───── SUPPLIED INFORMATION ─────

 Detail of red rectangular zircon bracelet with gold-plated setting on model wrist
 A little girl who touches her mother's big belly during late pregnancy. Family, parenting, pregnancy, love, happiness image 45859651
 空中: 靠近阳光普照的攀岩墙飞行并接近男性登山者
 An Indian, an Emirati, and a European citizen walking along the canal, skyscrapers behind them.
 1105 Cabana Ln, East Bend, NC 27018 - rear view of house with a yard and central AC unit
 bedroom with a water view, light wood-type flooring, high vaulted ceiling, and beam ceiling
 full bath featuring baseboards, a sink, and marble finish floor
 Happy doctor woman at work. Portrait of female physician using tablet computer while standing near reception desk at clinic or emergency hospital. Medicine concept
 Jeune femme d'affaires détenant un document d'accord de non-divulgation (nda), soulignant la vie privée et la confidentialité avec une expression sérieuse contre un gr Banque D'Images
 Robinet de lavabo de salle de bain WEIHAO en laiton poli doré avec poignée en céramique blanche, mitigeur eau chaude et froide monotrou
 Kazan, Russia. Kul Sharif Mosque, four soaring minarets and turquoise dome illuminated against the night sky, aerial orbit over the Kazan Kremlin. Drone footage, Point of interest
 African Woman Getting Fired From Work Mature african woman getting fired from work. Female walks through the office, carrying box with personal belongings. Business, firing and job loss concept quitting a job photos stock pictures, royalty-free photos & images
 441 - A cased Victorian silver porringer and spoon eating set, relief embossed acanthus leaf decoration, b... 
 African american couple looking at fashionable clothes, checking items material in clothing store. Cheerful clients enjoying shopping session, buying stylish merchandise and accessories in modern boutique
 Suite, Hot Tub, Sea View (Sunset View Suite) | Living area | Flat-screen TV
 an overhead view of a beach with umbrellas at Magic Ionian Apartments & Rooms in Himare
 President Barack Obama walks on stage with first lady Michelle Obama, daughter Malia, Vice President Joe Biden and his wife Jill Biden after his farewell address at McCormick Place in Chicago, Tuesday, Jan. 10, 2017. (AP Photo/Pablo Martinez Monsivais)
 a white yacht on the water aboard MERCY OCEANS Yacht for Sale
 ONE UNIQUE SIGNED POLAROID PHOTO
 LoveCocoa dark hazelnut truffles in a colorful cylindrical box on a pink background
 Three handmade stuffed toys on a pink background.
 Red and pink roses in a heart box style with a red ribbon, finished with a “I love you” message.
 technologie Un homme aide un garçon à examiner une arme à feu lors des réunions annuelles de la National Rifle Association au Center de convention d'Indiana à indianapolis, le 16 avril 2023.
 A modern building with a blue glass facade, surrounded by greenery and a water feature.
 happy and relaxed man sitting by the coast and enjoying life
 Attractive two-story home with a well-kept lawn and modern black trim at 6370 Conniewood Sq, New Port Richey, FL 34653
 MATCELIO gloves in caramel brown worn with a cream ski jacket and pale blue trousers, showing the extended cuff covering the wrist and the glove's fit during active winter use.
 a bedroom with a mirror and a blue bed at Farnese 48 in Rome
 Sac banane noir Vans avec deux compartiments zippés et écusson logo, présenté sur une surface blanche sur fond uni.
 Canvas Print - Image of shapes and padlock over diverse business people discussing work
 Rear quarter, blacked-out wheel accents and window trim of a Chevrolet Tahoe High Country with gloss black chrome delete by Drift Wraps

─────

WHAT THE TASK REQUIRES> In the material above, find the line containing "Robinet de lavabo" and the line containing "Suite, Hot Tub, Sea", then write out exactly those two lines and every line between them, and nothing more.

EXERCISE OUTPUT>
 Robinet de lavabo de salle de bain WEIHAO en laiton poli doré avec poignée en céramique blanche, mitigeur eau chaude et froide monotrou
 Kazan, Russia. Kul Sharif Mosque, four soaring minarets and turquoise dome illuminated against the night sky, aerial orbit over the Kazan Kremlin. Drone footage, Point of interest
 African Woman Getting Fired From Work Mature african woman getting fired from work. Female walks through the office, carrying box with personal belongings. Business, firing and job loss concept quitting a job photos stock pictures, royalty-free photos & images
 441 - A cased Victorian silver porringer and spoon eating set, relief embossed acanthus leaf decoration, b... 
 African american couple looking at fashionable clothes, checking items material in clothing store. Cheerful clients enjoying shopping session, buying stylish merchandise and accessories in modern boutique
 Suite, Hot Tub, Sea View (Sunset View Suite) | Living area | Flat-screen TV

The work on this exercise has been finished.